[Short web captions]
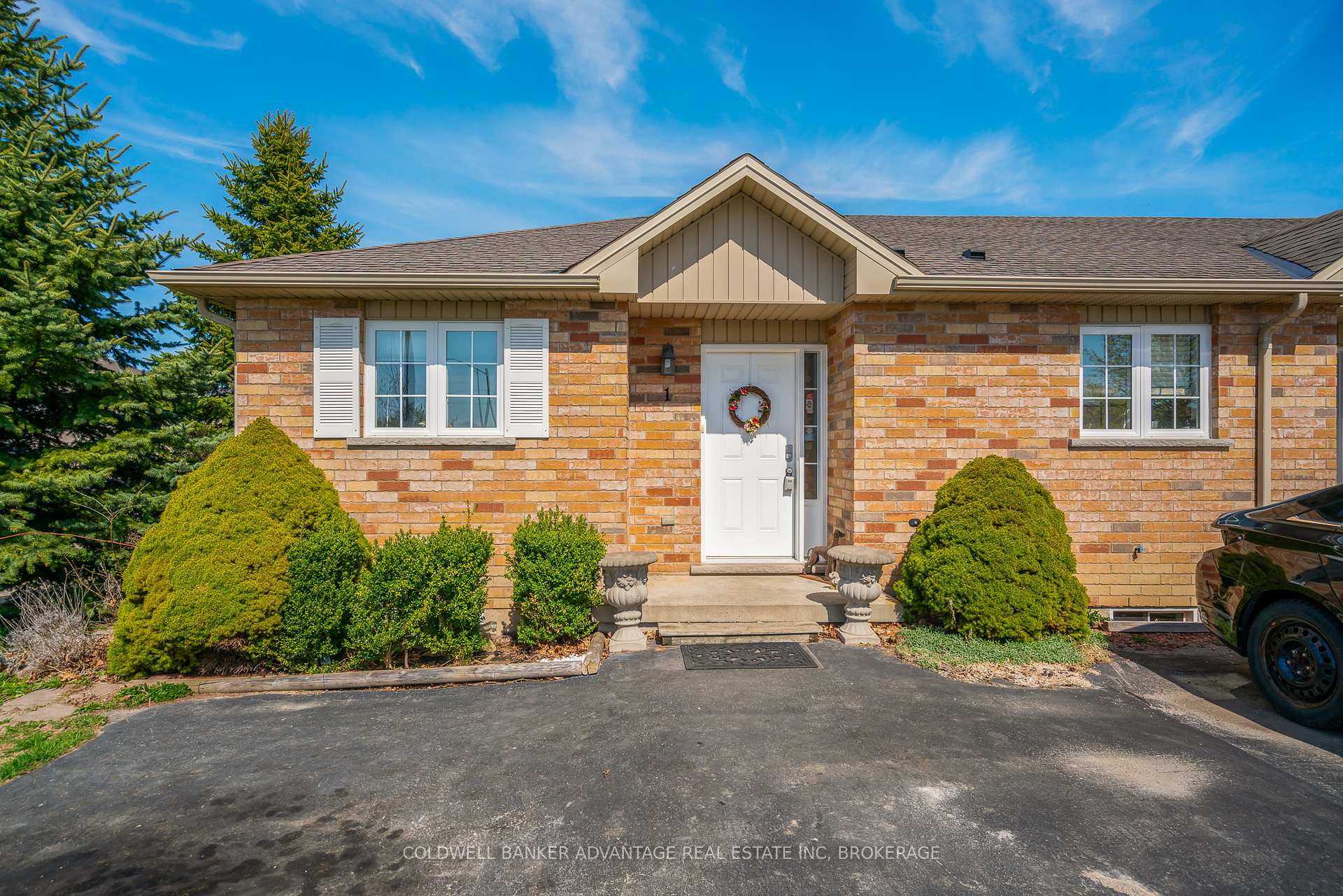 Photo 15 of 1 Powell Lane, Haldimand — HOMEH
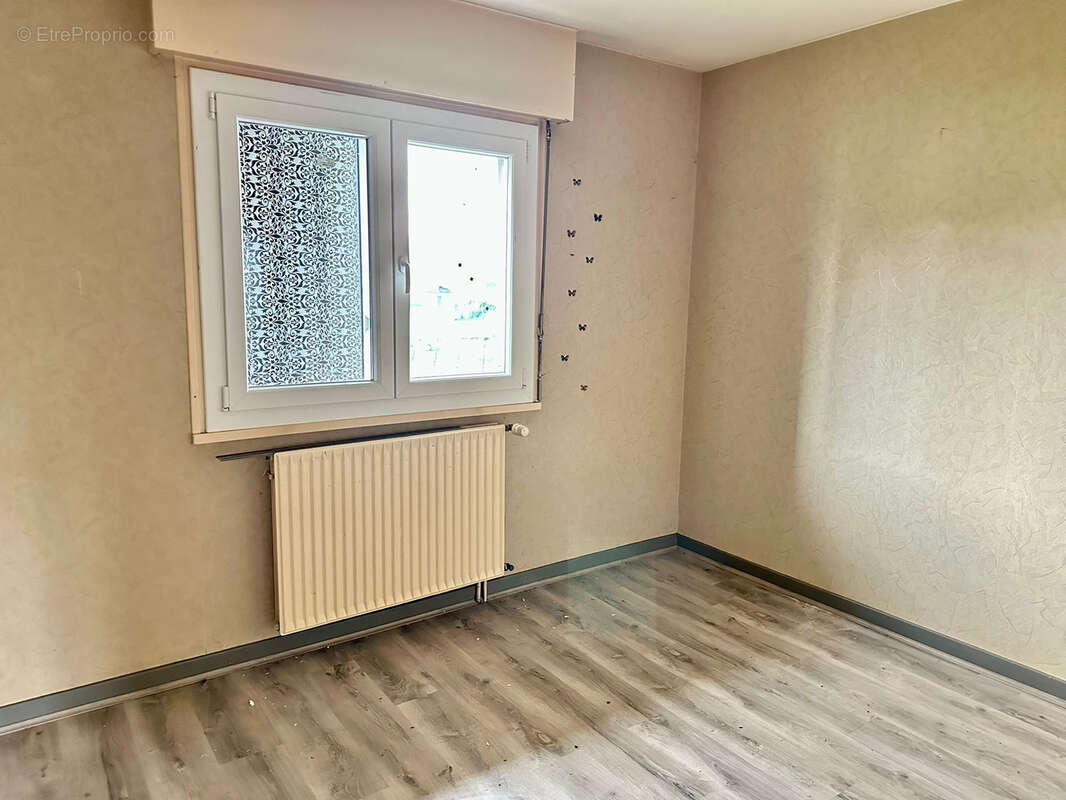 Maison à MAGNY-VERNOIS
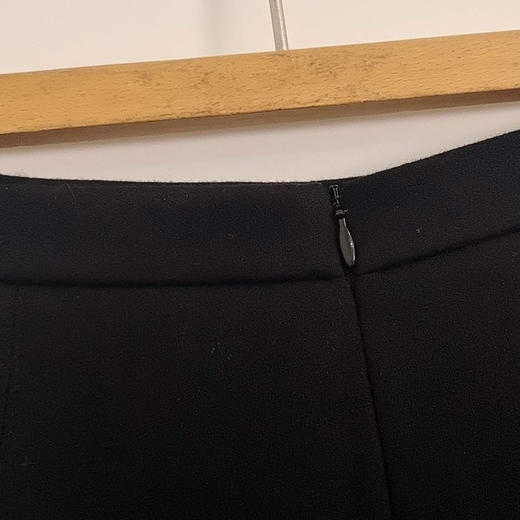 VIVIAN LIU TD2454005秋女装新款时尚后中拉链A字大裙摆半裙 商品图3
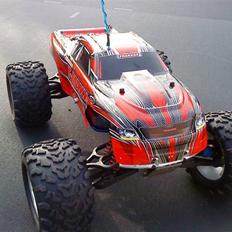 Truck Traxxas T-maxx 3,3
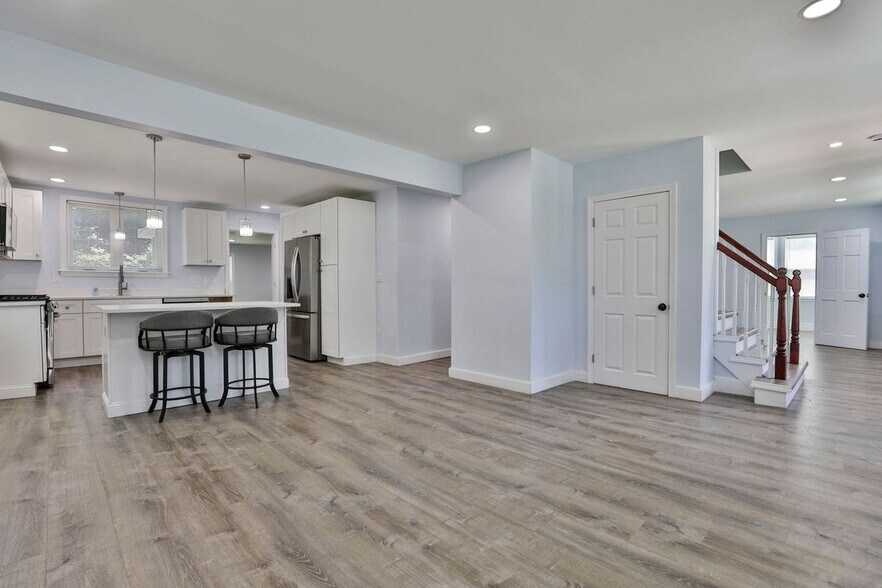 Building Photo - 151 Tolles St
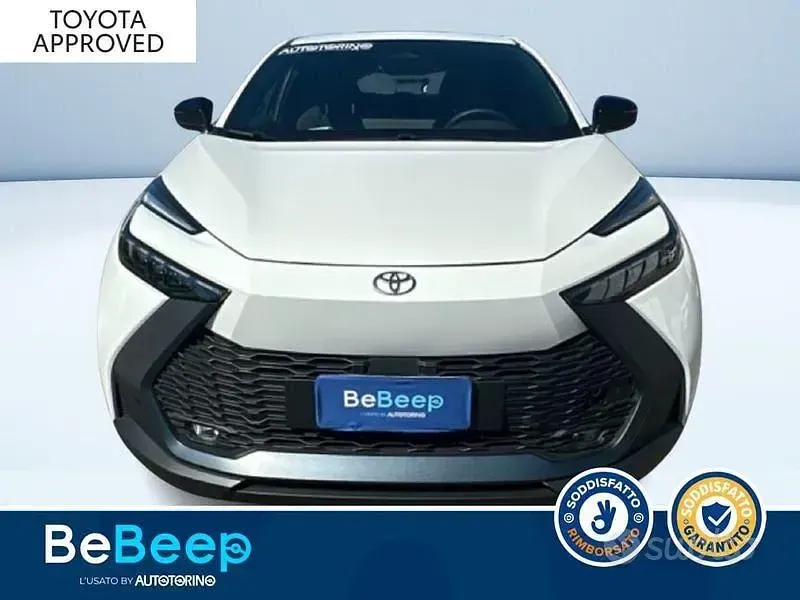 Usata Toyota C-HR Trend 140 CV (102 kW) 2024 Bianco pastello SUV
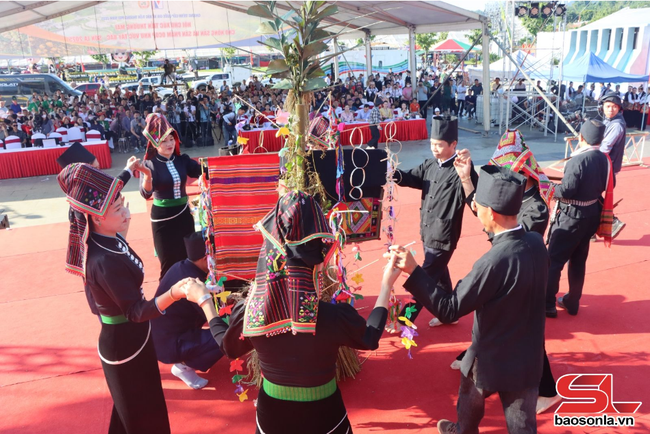 Sơn La: 07 lễ hội truyền thống c&aacute;c d&acirc;n tộc thiểu số được bảo tồn, khai th&aacute;c phục vụ ph&aacute;t triển du lịch trong năm 2025 - Ảnh 1.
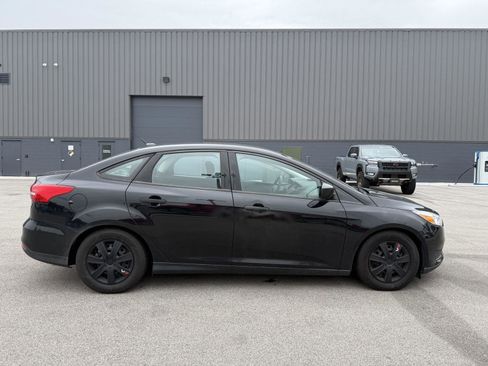Used 2016 Ford Focus S FWD image 2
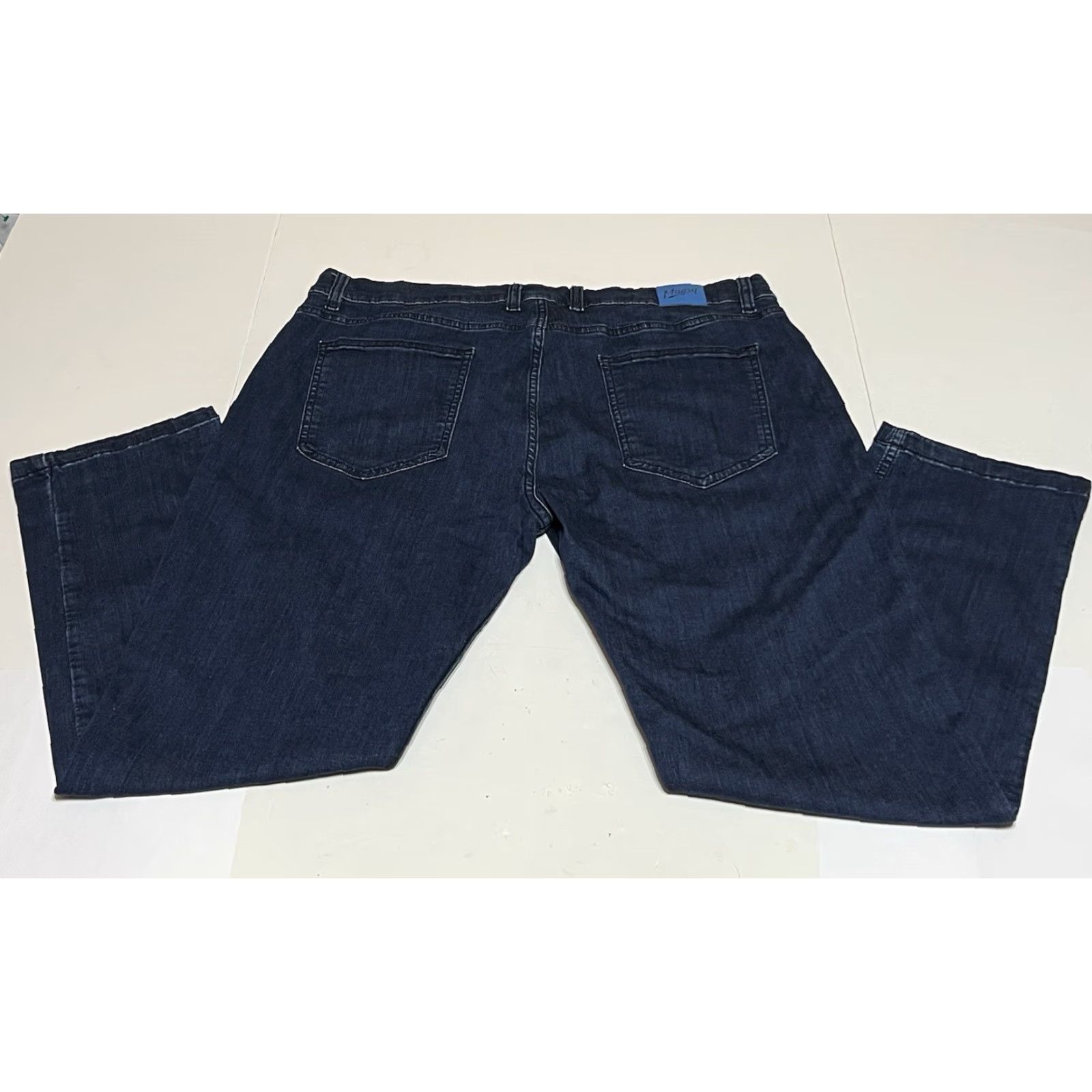 Vintage Mugsy Jeans Men’s 40x30 Blue Denim Stretch Relaxed Straight Mid Rise 5-Pocket Zip Button Mugsy Studio Blues Jeans Size US 40 / EU 56 - 2 Thumbnail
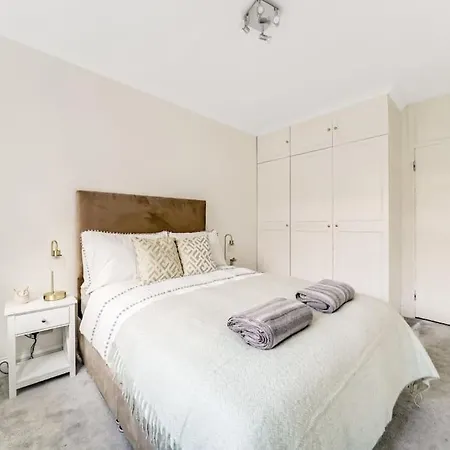 Unique 2 Bed 2 Bath Victorian Flat Regents Park London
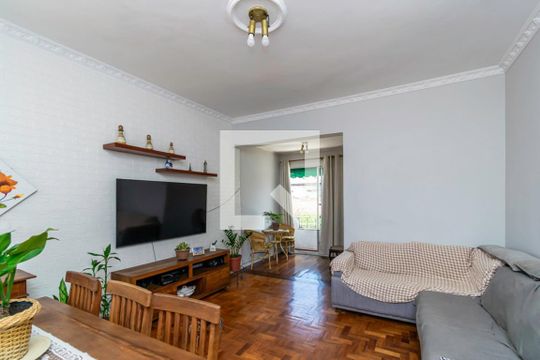 Sala de casa à venda com 3 quartos, 100m² em Olaria, Rio de Janeiro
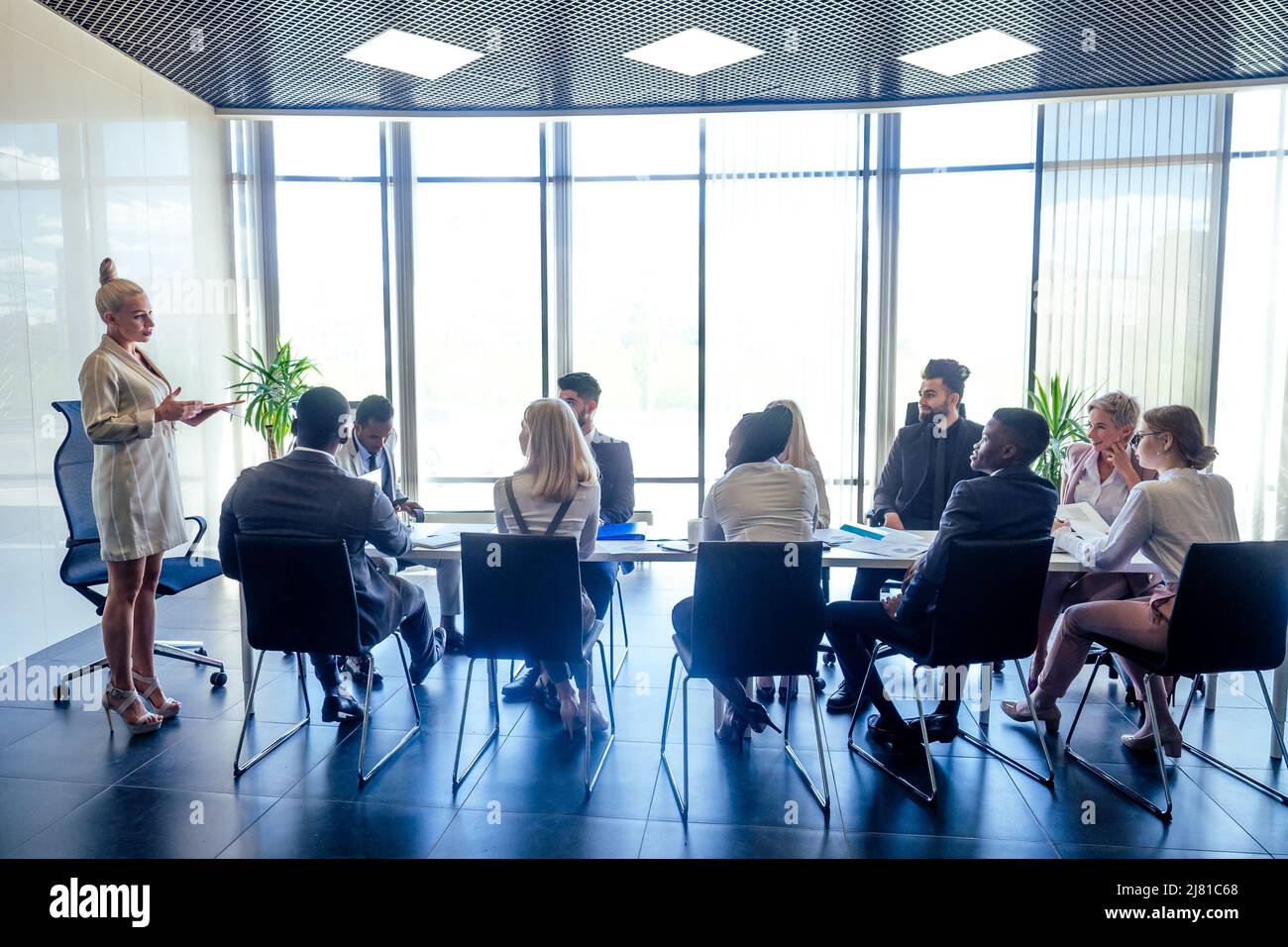 un groupe de succès afro-américains, européens, arabe et coréen homme d'affaires et femme d'affaires travaillant dans le bureau avec de grandes fenêtres en verre Banque D'Images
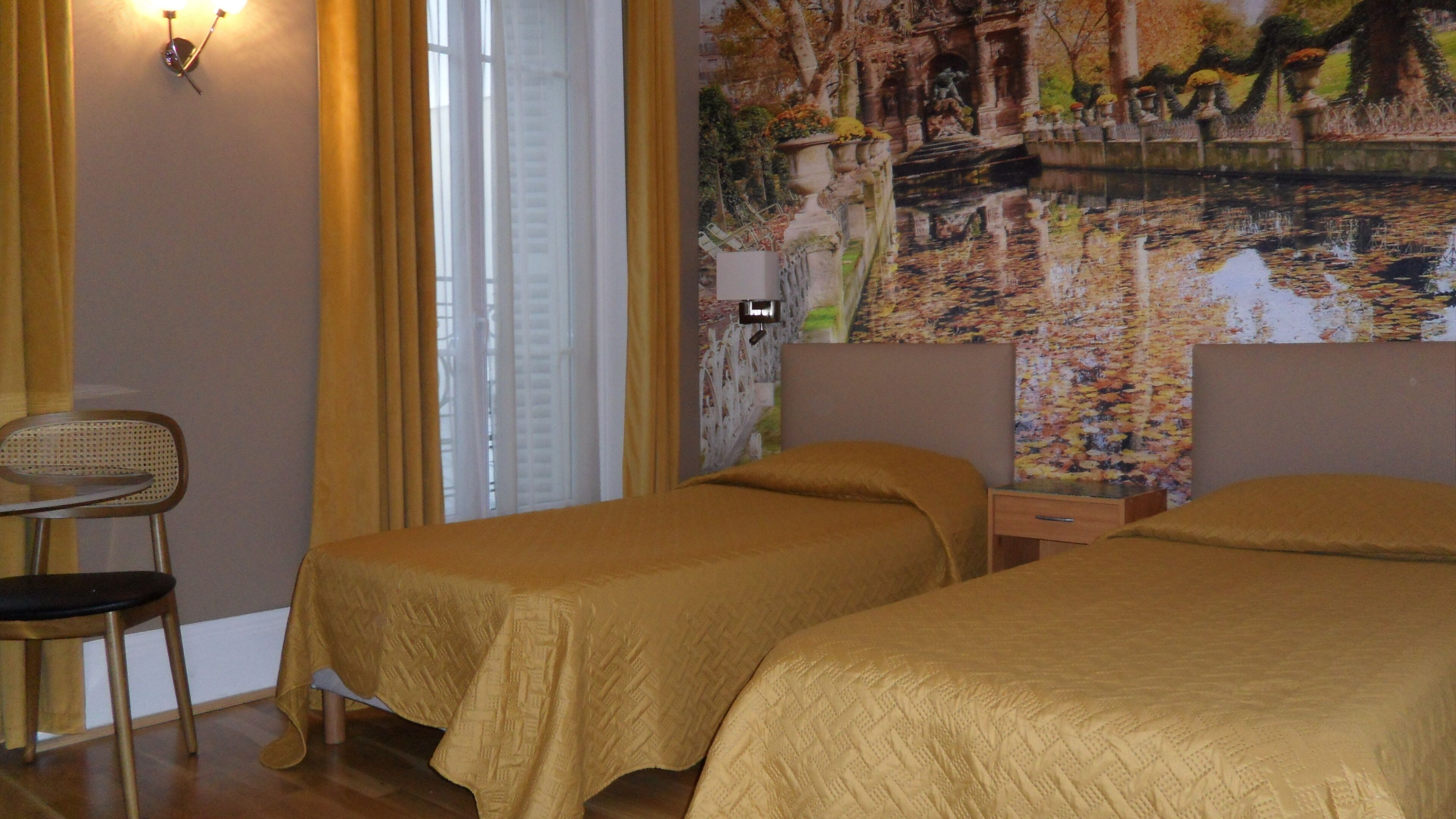 Twin kamer | Een kluis op de kamer, een bureau, gratis wifi, beddengoed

_Task brief_
Restate the data word for word from its first line through the line with "un groupe de", leaving out any picture along the way.

_Result_
 Photo 15 of 1 Powell Lane, Haldimand — HOMEH
 Maison à MAGNY-VERNOIS
 VIVIAN LIU TD2454005秋女装新款时尚后中拉链A字大裙摆半裙 商品图3
 Truck Traxxas T-maxx 3,3
 Building Photo - 151 Tolles St
 Usata Toyota C-HR Trend 140 CV (102 kW) 2024 Bianco pastello SUV
 Sơn La: 07 lễ hội truyền thống c&aacute;c d&acirc;n tộc thiểu số được bảo tồn, khai th&aacute;c phục vụ ph&aacute;t triển du lịch trong năm 2025 - Ảnh 1.
Used 2016 Ford Focus S FWD image 2
 Vintage Mugsy Jeans Men’s 40x30 Blue Denim Stretch Relaxed Straight Mid Rise 5-Pocket Zip Button Mugsy Studio Blues Jeans Size US 40 / EU 56 - 2 Thumbnail
 Unique 2 Bed 2 Bath Victorian Flat Regents Park London
 Sala de casa à venda com 3 quartos, 100m² em Olaria, Rio de Janeiro
 un groupe de succès afro-américains, européens, arabe et coréen homme d'affaires et femme d'affaires travaillant dans le bureau avec de grandes fenêtres en verre Banque D'Images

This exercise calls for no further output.